> **ASSIGNMENT**
From the line containing "Kirby Allergen Control Spray (946ml)" through the last line, print the records exactly and nothing else.

> **THE DATA**
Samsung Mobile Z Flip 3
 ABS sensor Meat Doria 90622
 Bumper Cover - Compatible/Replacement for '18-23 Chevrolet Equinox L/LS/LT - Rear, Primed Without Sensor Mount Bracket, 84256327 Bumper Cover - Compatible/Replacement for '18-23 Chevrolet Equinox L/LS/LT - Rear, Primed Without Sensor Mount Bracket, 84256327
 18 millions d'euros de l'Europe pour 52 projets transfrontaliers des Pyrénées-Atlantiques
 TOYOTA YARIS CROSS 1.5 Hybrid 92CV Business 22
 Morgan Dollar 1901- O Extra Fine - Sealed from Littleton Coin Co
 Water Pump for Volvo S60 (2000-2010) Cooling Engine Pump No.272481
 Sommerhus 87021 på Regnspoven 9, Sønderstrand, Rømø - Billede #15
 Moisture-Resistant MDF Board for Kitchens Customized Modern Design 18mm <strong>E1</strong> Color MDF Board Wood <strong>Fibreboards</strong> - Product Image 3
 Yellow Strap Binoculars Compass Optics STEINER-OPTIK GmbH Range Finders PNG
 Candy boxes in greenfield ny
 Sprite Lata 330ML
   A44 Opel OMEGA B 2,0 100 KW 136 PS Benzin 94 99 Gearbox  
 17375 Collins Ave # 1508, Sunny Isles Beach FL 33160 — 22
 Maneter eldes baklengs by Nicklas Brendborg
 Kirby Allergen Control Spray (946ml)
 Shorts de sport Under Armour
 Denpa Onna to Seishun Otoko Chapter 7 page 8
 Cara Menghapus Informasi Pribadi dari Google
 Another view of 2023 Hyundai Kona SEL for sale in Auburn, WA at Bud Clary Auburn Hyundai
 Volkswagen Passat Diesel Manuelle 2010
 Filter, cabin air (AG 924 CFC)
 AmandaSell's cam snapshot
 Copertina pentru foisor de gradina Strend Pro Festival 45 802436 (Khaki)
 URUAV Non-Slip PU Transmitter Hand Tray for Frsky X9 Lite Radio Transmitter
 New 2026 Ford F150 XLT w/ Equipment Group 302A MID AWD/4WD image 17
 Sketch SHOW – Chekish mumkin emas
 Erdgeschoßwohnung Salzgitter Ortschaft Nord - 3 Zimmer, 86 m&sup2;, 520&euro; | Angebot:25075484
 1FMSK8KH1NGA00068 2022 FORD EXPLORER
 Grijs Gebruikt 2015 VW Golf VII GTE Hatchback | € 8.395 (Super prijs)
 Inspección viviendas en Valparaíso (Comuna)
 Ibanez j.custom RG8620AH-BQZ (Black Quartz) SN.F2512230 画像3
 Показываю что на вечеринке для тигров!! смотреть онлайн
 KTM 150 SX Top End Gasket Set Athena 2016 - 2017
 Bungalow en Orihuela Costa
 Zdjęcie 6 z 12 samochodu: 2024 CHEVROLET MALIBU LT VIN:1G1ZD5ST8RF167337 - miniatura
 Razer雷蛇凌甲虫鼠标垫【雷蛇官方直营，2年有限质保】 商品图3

> **RESULT**
 Kirby Allergen Control Spray (946ml)
 Shorts de sport Under Armour
 Denpa Onna to Seishun Otoko Chapter 7 page 8
 Cara Menghapus Informasi Pribadi dari Google
 Another view of 2023 Hyundai Kona SEL for sale in Auburn, WA at Bud Clary Auburn Hyundai
 Volkswagen Passat Diesel Manuelle 2010
 Filter, cabin air (AG 924 CFC)
 AmandaSell's cam snapshot
 Copertina pentru foisor de gradina Strend Pro Festival 45 802436 (Khaki)
 URUAV Non-Slip PU Transmitter Hand Tray for Frsky X9 Lite Radio Transmitter
 New 2026 Ford F150 XLT w/ Equipment Group 302A MID AWD/4WD image 17
 Sketch SHOW – Chekish mumkin emas
 Erdgeschoßwohnung Salzgitter Ortschaft Nord - 3 Zimmer, 86 m&sup2;, 520&euro; | Angebot:25075484
 1FMSK8KH1NGA00068 2022 FORD EXPLORER
 Grijs Gebruikt 2015 VW Golf VII GTE Hatchback | € 8.395 (Super prijs)
 Inspección viviendas en Valparaíso (Comuna)
 Ibanez j.custom RG8620AH-BQZ (Black Quartz) SN.F2512230 画像3
 Показываю что на вечеринке для тигров!! смотреть онлайн
 KTM 150 SX Top End Gasket Set Athena 2016 - 2017
 Bungalow en Orihuela Costa
 Zdjęcie 6 z 12 samochodu: 2024 CHEVROLET MALIBU LT VIN:1G1ZD5ST8RF167337 - miniatura
 Razer雷蛇凌甲虫鼠标垫【雷蛇官方直营，2年有限质保】 商品图3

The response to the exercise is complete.